Power Swings of Transmission Lines:
Power swings are surges of power due to the oscillations of generators with respect to each other which may occur due to change in load, switching or faults. The presence of power swing does not necessarily mean the instability of the system. So, it is of utmost importance that the relay must distinguish between a fault and a power swing, and respond correctly.
In general distance relays having mho characteristics are less susceptible to power swings because of their narrow characteristic. Generally, during power swings an out-of-slip blocking relay operates. If the measuring element operates within a certain time after operation of blocking relay, then tripping is allowed. Modern distance relays are stable over a wide range of power swings, they do not trip un-effectively, if power swing returns to normal condition fairly soon. If the condition prevails, the relay trips.
Auto-Reclosing of Transmission Lines:
It has been found that most of the line faults on overhead transmission system are transient in nature. Statistical evidence shows that about 90% of the faults are caused by lightning, birds, vines, tree branches etc. These conditions result in such arcing faults that if the fault energy infeed is interrupted for a short period, the arc extinguishes and the line can be re-energised.
This fact is employed as a basis for auto-reclosure schemes. In such schemes, after the relays at both ends of the line have picked up, the circuit breakers are tripped as far as possible at the same time and reclosed after time has been allowed for deionization. The fault disappears if it is transient, and line is fully restored to service after the reclosure. If the fault is not cleared after the first reclosure, a double or triple attempt of isolation and reclosure can be made. If the fault still persists, the breaker may permanently open till it is reset manually.
An auto-reclosure consists essentially of an oil switch or breaker actuated by relays which make it to open when predetermined current values flow through it. Reclosures are usually connected to protect portions of primary circuits and may take the place of line fuses. The switch or breaker is arranged to reclose after a short interval of time and re-open again should the fault or overload responsible for excess current flow persist. The reclosure can be set for 3 or 4 operations before it locks itself open for manual operation.

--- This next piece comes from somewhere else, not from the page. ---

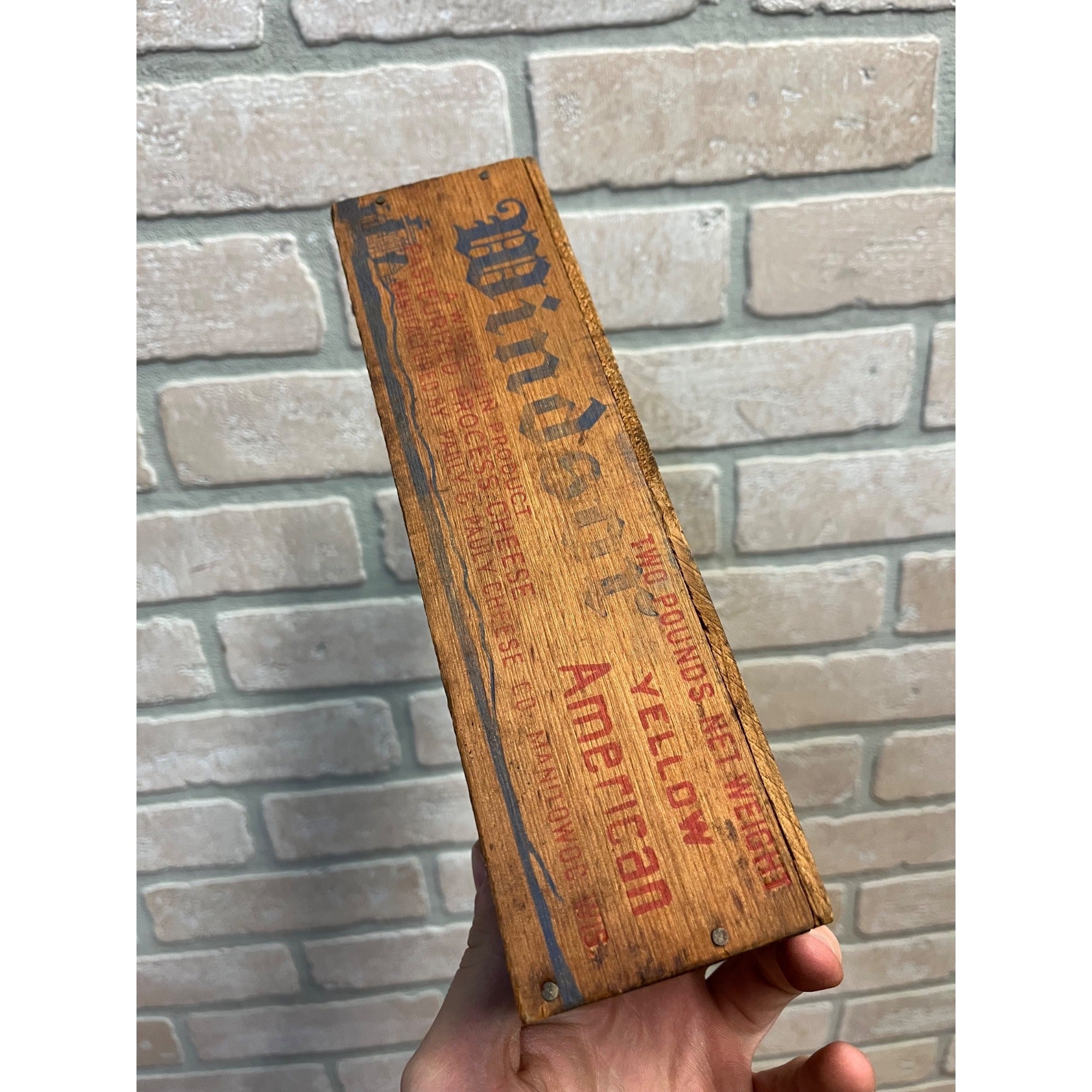 Vintage Cheese Box Windsor Cheese Manitowoc Wis Kitchen Decor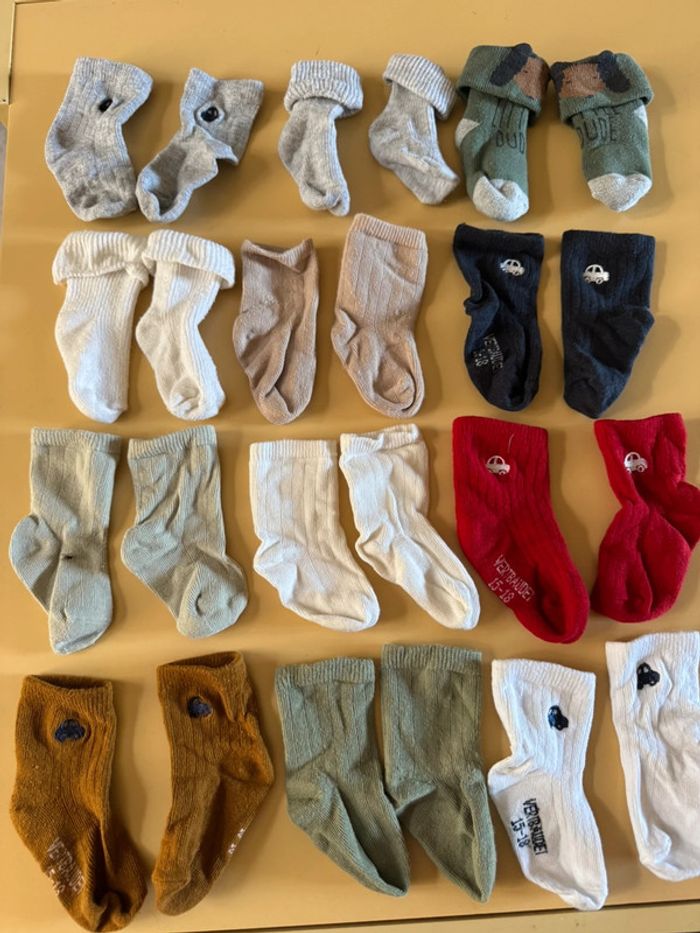 Lot 12 paires de chaussettes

Oil circuit reclosures are increasingly employed in unattended substations and rural distribution schemes, where the circuit breakers are installed in outlying areas. They obviate the need for an operator to proceed to the point to close the breaker manually every time it trips. Outages are thereby greatly reduced. In case of persisting fault and getting the reclosure locked, necessitating manual resetting, and the technician after investigating and clearing the fault closes the reclosure.
Auto reclosing may be single or three phase type. Mostly single phase auto-reclosing breakers are preferred as most of the transmission faults are single phase to ground faults. Auto-reclosing in single phase also improves stability as the power remains transmitted through the two healthy phases when one phase is interrupted.
Like any other circuit breaker, the rupturing capacity of reclosure should be properly chosen. In large distribution network, reclosures may be provided to look after each separate zone and fuse protection provided for the subsidiary branch lines in each zone.
The breakers may be rapid auto reclosing type (about 20 cycles or 0.4 second), or delayed auto reclosing (5 to 30 s) type. It is not necessary to check synchronism with high speed reclosures while with delayed auto reclosing breakers, it is necessary to check synchronism before reclosing. For this purpose, synchronising relays are employed.